You're holding your staff meetings the wrong way

Apple has been accused of creating its own labor organization to prevent workers from forming an employee-run union, according to a complaint filed on Friday.

The Communications Workers of America (CWA) filed a complaint with the federal US National Labor Relations Board charging Apple with unfair labor practices. The complaint [PDF] contends Apple created an employer-controlled labor group called "Employee Forum" at Apple’s Easton Town Center store in Columbus, Ohio as a way "to stifle union activity."

The Apple-run group is described in a pamphlet, according to the CWA, as "a dedicated working group that can be used as a formal means for employees and leaders to provide feedback on both local and retail organization-wide initiatives, policies and practices."

The CWA says Apple has been opposing worker efforts to organize for better pay and working conditions throughout the year and "has chosen to create a company-controlled union to coax workers away from organizing independently" rather than negotiate.

The complaint also says Apple held "a mandatory captive audience meeting in which its representative stated that [Apple] would refuse to bargain certain subjects if a Union was formed."

During this meeting, the complaint says, an Apple store leader asserted that workers could not negotiate over operational concerns and threatened to deny employees the opportunity to have personal conversations with their manager.

In a memo issued in April, National Labor Relations Board General Counsel Jennifer Abruzzo asked the NLRB "to find mandatory meetings in which employees are forced to listen to employer speech concerning the exercise of their statutory labor rights, including captive audience meetings, a violation of the National Labor Relations Act."

Recent efforts among Apple employees to organize began in 2021 with the launch of the #AppleToo movement and the subsequent AppleTogether group. By February 2022, according to The Washington Post, there were at least two Apple Store locations preparing to unionize and another six considering doing so.

Since then, staff at Apple Stores in Towson, Maryland and in Oklahoma City have officially recognized unions. And organization efforts have recently reached the UK.
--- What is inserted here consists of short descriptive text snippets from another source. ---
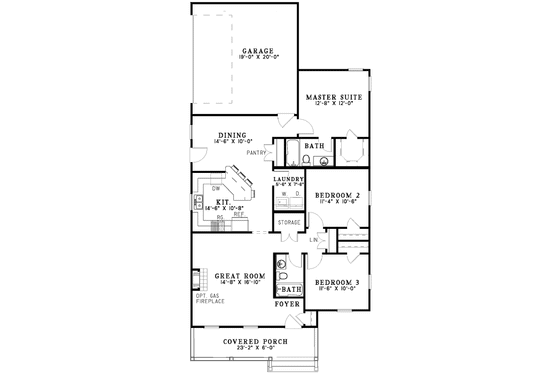 Floor Plan - Main Floor for Craftsman House Plan #17-3189 - 3 bed, 2 bath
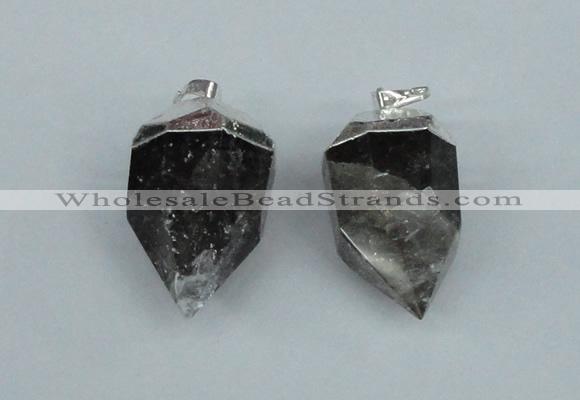 NGP1937 18*35mm - 20*40mm faceted nuggets smoky quartz pendants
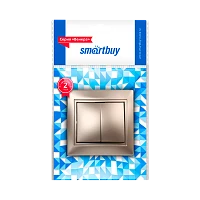 Выключатель Smartbuy "Венера" 2-клав.10A шампань (1/10/200)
Employees at the Apple Store in Cumberland Mall, Atlanta, filed for a union election in April but subsequently withdrew that request and alleged that Apple had engaged in unlawful union-busting. Ten days ago, the NLRB found it likely that Apple had violated the law with regard to the Atlanta organization effort, which puts pressure on Apple to agree to a settlement.

In St Louis, Missouri, Apple Store employees withdrew a request to vote on a union, based on hostility from Apple management. Workers subsequently asked the NLRB to reject the organization effort by the International Association of Machinists and Aerospace Workers on the basis that it would not offer any substantive benefit.